If the Telecaster is the acme of the workhorse electric, the go-to instrument for blue-collar players, the chrome mirror pickguard and finish on Hynde’s Tele would suggest that there should be a union card registered to a Motor City automobile plant tucked inside the case. That’s the vibe.
It has a bound alder body, a bolt-on maple neck in a mid-'60s C profile and a rosewood ‘board in a rhythm guitar friendly 7.25” radius. There are two '50s voiced single-coil pickups and a six-barrel saddle bridge of stainless steel that is a guarantor of old-school twang without some of the old-school intonation funkiness.
Locking tuners replace those found on the original but otherwise, it’s an exact replica, with the Road Worn treatment on the hardware making sure the cuffs and collar match.
It might have been her guitar tech, David Crubly, that finally persuaded Hynde to consent to a signature model, but she explains here, now she has it, it’s going to have to put a shift in on the road like everyone else, when that fateful day comes… “Absolutely,” says Hynde.
“I’d take it now. They are almost identical. In fact, I’m looking at the new one, the one they made me, and I cannot even tell the difference. There’s no touring scheduled. We are in a holding pattern. But I would absolutely take this out.”
Out of all the guitars you could use, what has made the Telecaster stick for you?
“I tried a few different guitars and I ended up with that, and just really dug it, so I just stuck with it. It felt good. I liked the sound.”
And they wear in well. They only get more comfortable over time.
“I suppose any guitar does, yeah, and that’s why people keep going back to the same guitar, because they like the feel. I have tried some other guitars – and I get real excited about it. Like, ‘Right! Let’s pull that one out!’

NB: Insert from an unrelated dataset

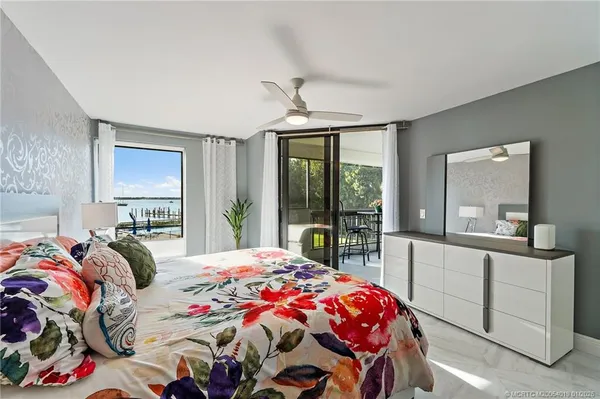 a bathroom with a sink shower and a mirror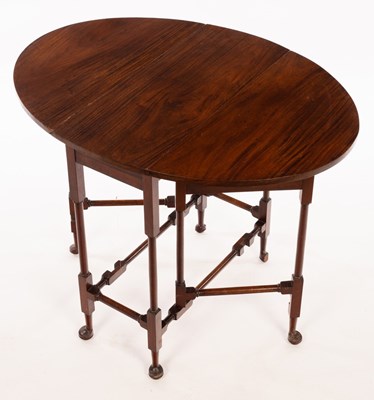 Lot 500 - An oval two-flap table on turned legs with pad...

“And then halfway through a song I will signal to my guitar player, grab my guitar and just take it off in the middle of the song and get rid of it… The neck isn’t right, something’s wrong, it doesn’t sound right. Sorry! That one is just consigned to the lock-up and I don’t even look at it anymore. I’ve bought a few guitars and then I have gotten them onstage and they don’t feel right, and then you go back to old faithful.”
How important is the guitar to your songwriting process?
“Songwriting is a funny thing. I wrote my early songs on an unamplified electric guitar so that I didn’t disturb the person in the next room, and yeah, every time you write a song it is different.
“I don’t think of myself as a songwriter. I don’t think of myself as a guitar player, either. In fact, if I have to write out on a form what I do I never quite know what to say. I am in a band; that is all I can really say about it. I do what has to be done to stay in the band.”
An amplified electric guitar is a funny thing. Do you think that with you having to hit the strings harder to make them audible that it has given you a more percussive style?
“I don’t know what my style is. I get the job done! When I first went into the studio to record my first record, I had to be playing an unamplified electric guitar when I sang, just to stay in the pocket. I couldn’t even sing without playing the guitar at the same time ‘cos I was so used to doing it that way.
“I would have it unamplified – obviously, so it doesn’t go down the vocal mic – but I would have to be playing along just to stay in time. The rhythm and the vocals very much went hand in hand. That was a very long time ago. I can go in now without the guitar.”
But it works. Your rhythm style is unquestionably yours.
“It was probably from playing with myself, not in a band. Because I did that for a long time. When I first got in a band, on my first album, somebody said, ‘Well, that’s not it. You dropped a beat there.’ And I said, ‘That’s the only way I know how to do it.’ So I had to find some people who knew how to play it the way that I heard it. I wouldn’t say I developed it. It is almost like I had it developed.”
And that approach to the rhythm, that’s the secret sauce in the Pretenders’ sound, like a thumbprint.
“I guess. I don’t know… I just do what, hmm, I’m not sure.”
Do you think it is the sort of thing that if you overthink it, it takes the magic away, like it kills the idea?
“I am already overthinking it! So, yeah. I’m not sure. [Laughs] It is what we do, and I guess the whole point of playing in a rock band is that you're not thinking. You're just doing something. I can’t speak for anyone else, though.”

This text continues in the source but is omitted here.